- **WORK INSTRUCTIONS**
Return, exactly as written, every line from the first line of the data below through the line that contains "Phoneme R Activity Packet By Teach Simple".

[Brief descriptive captions]
Content starts

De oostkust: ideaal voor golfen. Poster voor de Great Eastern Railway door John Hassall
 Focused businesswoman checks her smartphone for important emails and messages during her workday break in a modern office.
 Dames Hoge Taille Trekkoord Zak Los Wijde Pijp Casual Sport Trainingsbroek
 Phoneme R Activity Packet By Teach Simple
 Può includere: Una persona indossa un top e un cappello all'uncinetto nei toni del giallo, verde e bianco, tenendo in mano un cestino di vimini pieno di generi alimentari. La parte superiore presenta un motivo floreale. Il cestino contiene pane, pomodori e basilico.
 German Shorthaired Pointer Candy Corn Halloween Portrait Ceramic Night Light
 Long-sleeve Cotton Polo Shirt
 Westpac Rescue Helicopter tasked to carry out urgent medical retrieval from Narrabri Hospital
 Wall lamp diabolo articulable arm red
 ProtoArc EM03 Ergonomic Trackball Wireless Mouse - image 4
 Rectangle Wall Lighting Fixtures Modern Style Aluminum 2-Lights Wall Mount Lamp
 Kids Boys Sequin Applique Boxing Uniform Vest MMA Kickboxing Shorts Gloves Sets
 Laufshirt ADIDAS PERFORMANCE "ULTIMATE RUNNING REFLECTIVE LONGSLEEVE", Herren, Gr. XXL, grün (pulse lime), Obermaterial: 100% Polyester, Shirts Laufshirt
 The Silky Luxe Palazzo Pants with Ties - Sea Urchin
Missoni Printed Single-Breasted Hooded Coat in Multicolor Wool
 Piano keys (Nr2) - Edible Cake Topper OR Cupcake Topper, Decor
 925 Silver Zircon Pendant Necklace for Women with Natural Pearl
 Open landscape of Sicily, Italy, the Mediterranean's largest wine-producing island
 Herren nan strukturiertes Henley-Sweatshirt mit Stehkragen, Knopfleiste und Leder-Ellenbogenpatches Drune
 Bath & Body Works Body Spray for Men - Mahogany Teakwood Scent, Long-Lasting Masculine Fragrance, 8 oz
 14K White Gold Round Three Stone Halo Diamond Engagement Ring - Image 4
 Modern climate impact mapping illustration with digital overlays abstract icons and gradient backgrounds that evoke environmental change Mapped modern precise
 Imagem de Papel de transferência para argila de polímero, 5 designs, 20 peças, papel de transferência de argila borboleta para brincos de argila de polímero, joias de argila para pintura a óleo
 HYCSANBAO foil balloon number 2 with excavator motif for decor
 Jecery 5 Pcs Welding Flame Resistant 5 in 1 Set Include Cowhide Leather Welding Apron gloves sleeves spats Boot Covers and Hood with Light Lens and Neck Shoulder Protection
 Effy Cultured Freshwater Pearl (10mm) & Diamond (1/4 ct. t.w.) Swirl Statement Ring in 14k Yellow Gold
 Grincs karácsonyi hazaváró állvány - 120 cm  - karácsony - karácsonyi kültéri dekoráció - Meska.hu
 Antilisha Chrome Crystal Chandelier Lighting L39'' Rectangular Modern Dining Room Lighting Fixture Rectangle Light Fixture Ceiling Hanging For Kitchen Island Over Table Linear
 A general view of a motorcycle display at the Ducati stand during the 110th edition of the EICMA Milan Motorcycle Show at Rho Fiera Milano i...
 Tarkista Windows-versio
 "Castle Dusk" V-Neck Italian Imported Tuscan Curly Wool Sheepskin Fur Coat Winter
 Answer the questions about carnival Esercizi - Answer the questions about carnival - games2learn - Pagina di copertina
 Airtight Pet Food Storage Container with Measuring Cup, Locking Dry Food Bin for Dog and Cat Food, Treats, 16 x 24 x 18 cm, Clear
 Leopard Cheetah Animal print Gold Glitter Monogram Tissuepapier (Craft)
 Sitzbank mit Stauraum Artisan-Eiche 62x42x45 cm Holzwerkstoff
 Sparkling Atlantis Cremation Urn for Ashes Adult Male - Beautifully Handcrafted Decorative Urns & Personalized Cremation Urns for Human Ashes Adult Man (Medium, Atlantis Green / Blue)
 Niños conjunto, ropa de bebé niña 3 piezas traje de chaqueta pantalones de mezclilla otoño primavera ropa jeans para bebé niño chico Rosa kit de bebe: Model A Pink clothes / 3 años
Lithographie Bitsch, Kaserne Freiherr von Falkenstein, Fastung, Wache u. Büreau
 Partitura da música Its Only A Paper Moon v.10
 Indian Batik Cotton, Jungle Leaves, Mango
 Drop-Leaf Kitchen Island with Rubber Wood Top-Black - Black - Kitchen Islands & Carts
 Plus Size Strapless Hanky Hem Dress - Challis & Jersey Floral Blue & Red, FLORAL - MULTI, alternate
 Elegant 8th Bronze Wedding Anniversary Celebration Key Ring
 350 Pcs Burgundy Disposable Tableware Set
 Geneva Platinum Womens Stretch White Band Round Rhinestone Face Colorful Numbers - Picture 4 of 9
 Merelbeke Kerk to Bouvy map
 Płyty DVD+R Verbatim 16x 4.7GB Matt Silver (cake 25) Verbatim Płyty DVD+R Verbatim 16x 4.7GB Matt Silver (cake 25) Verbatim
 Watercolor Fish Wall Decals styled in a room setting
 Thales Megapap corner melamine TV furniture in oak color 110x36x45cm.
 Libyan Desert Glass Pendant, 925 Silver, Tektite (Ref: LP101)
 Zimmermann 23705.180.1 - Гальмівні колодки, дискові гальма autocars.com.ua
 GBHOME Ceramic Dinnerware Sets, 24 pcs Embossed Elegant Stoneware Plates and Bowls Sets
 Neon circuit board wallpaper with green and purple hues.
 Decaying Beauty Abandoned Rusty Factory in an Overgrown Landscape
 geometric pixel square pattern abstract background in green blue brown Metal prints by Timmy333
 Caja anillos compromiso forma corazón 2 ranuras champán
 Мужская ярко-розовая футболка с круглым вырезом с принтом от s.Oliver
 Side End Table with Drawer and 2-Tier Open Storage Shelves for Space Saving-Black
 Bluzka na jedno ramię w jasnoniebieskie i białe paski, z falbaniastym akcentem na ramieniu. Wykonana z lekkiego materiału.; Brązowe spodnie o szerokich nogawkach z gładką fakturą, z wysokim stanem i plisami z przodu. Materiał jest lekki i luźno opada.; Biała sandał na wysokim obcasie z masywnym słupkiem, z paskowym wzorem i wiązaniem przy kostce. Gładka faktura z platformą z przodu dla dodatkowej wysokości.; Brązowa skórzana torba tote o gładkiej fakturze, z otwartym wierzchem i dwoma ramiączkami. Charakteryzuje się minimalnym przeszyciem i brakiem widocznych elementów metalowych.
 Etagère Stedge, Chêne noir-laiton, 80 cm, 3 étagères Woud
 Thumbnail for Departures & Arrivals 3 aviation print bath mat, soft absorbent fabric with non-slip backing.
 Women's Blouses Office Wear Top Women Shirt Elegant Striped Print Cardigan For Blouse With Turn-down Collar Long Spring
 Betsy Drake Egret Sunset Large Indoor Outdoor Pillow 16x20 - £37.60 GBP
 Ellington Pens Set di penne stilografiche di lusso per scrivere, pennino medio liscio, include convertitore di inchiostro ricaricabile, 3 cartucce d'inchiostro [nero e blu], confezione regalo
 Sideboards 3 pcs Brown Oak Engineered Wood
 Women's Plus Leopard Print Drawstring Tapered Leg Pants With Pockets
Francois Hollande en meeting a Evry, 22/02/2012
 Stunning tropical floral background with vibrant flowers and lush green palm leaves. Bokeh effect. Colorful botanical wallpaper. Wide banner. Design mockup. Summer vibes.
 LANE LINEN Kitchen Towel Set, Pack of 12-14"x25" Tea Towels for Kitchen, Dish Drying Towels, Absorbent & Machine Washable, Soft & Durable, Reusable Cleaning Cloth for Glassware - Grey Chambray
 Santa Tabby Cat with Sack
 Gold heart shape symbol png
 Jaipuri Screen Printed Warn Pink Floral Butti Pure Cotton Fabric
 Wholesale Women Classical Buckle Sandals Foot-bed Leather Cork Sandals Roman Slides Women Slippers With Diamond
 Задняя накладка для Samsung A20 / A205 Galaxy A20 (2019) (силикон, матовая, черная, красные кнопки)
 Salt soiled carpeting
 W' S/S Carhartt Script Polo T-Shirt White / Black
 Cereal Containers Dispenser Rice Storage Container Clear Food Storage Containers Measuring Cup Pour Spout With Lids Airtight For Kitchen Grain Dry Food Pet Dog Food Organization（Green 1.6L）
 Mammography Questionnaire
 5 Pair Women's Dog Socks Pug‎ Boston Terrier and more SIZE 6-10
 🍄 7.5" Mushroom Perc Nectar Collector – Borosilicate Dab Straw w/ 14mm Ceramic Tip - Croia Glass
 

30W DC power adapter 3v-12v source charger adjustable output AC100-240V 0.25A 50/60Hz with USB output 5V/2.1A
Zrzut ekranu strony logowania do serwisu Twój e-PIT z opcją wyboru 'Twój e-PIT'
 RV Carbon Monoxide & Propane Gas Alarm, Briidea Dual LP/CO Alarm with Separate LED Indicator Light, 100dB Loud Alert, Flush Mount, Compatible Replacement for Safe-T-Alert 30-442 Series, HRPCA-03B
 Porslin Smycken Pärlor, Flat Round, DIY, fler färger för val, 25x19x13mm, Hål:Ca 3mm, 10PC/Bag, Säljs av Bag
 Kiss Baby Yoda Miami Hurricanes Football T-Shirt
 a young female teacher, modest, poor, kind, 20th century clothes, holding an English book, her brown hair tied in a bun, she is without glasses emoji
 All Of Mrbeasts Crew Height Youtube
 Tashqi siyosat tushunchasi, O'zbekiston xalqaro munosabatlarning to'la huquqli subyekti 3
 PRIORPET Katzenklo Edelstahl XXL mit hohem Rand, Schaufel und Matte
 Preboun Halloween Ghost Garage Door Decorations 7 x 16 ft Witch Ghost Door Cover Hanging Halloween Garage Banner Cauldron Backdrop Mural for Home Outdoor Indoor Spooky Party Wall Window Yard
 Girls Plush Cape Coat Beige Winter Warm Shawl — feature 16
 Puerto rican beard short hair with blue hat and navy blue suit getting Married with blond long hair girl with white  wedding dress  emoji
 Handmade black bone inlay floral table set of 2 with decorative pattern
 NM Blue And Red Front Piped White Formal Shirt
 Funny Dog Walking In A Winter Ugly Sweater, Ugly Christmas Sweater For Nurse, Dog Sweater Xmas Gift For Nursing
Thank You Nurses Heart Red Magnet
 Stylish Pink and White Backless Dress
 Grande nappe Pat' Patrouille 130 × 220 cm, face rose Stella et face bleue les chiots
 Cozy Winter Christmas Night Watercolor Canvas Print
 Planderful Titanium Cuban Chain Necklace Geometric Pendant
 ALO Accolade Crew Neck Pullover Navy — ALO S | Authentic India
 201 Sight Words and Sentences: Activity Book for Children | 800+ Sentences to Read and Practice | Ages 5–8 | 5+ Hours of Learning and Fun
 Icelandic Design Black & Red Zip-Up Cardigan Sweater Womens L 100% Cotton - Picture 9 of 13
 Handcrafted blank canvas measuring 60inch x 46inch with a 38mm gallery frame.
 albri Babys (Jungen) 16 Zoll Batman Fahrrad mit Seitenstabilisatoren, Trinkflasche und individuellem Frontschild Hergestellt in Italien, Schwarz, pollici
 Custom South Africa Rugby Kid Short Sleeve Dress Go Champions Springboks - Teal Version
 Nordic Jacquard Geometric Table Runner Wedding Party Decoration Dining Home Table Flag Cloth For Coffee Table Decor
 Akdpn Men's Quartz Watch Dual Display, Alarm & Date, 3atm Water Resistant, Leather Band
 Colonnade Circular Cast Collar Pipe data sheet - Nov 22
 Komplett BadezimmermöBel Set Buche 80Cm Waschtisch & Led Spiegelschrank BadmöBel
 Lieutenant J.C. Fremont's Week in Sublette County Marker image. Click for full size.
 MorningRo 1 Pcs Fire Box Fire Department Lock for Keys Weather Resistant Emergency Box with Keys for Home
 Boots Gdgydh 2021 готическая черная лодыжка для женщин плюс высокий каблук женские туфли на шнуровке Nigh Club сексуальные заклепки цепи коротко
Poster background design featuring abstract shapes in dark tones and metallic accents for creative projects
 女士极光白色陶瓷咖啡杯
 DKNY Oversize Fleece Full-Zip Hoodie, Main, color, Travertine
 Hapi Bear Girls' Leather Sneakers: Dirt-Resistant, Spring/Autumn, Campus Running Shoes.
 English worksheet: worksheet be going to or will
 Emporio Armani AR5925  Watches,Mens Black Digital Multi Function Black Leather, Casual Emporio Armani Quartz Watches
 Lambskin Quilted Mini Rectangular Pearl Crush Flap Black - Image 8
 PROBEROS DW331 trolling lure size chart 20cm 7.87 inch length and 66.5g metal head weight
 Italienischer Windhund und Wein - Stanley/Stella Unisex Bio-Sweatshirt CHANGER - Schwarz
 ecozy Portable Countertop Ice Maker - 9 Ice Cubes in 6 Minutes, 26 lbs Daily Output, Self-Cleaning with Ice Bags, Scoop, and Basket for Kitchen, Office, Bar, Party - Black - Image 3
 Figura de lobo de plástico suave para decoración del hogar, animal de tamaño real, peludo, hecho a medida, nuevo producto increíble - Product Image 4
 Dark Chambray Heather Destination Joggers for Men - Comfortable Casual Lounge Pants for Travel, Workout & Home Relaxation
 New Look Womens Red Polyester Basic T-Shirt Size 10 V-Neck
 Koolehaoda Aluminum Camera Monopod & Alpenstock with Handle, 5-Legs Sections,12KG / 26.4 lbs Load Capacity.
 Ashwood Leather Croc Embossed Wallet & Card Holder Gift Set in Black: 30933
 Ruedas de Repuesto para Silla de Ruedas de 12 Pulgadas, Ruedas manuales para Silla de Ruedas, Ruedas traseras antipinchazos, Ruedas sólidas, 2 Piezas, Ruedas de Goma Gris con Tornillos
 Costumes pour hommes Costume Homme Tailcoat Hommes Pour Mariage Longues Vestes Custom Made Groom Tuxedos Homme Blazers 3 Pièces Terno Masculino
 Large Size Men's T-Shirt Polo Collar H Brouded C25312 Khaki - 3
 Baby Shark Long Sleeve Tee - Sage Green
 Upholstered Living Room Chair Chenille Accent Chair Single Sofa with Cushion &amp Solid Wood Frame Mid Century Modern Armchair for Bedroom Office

Content ends

- **SOLUTION TO THE EXERCISE**
De oostkust: ideaal voor golfen. Poster voor de Great Eastern Railway door John Hassall
 Focused businesswoman checks her smartphone for important emails and messages during her workday break in a modern office.
 Dames Hoge Taille Trekkoord Zak Los Wijde Pijp Casual Sport Trainingsbroek
 Phoneme R Activity Packet By Teach Simple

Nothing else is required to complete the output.